DATA SECTION: Begin

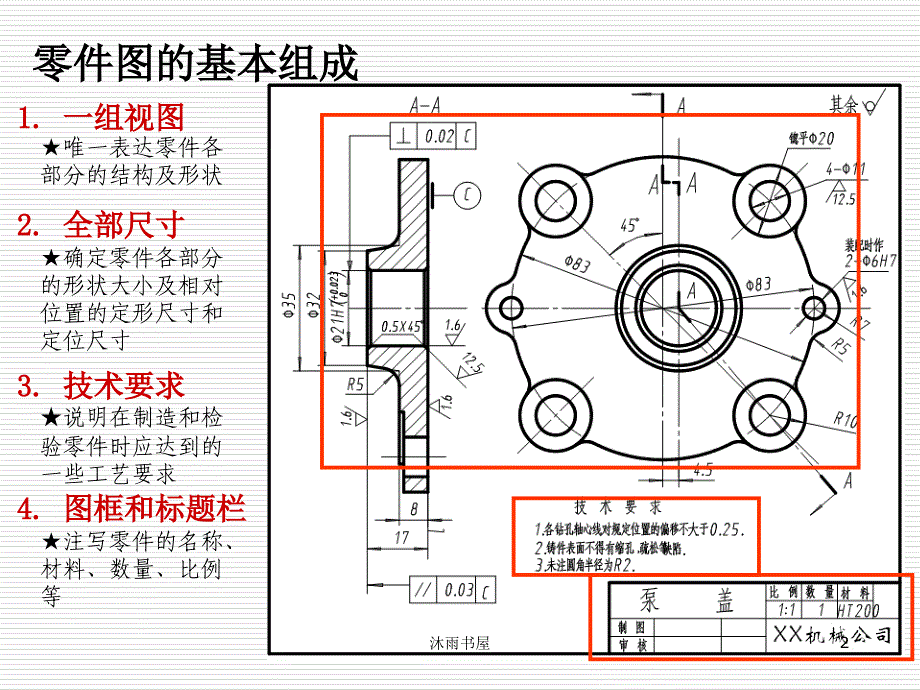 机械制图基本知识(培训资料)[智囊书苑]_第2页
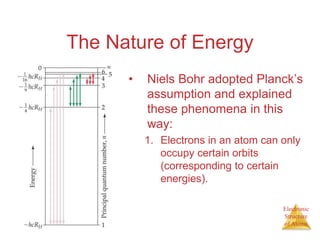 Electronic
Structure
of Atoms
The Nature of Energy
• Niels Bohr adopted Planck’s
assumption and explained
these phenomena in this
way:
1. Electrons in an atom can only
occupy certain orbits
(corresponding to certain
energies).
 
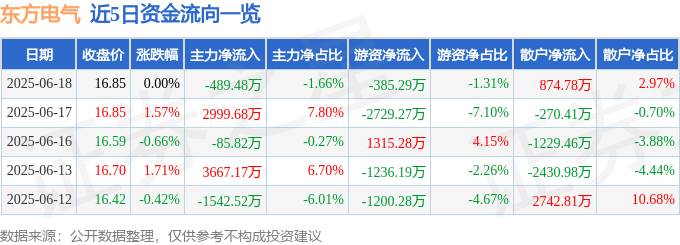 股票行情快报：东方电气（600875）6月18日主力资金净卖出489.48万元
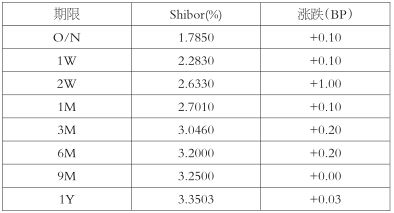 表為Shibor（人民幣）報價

DATA SECTION: End

- [EXERCISE AIM]:
All lines in the records above with "certain" need to be found and copied.

- [RESULT FOR THIS EXERCISE]:
occupy certain orbits
(corresponding to certain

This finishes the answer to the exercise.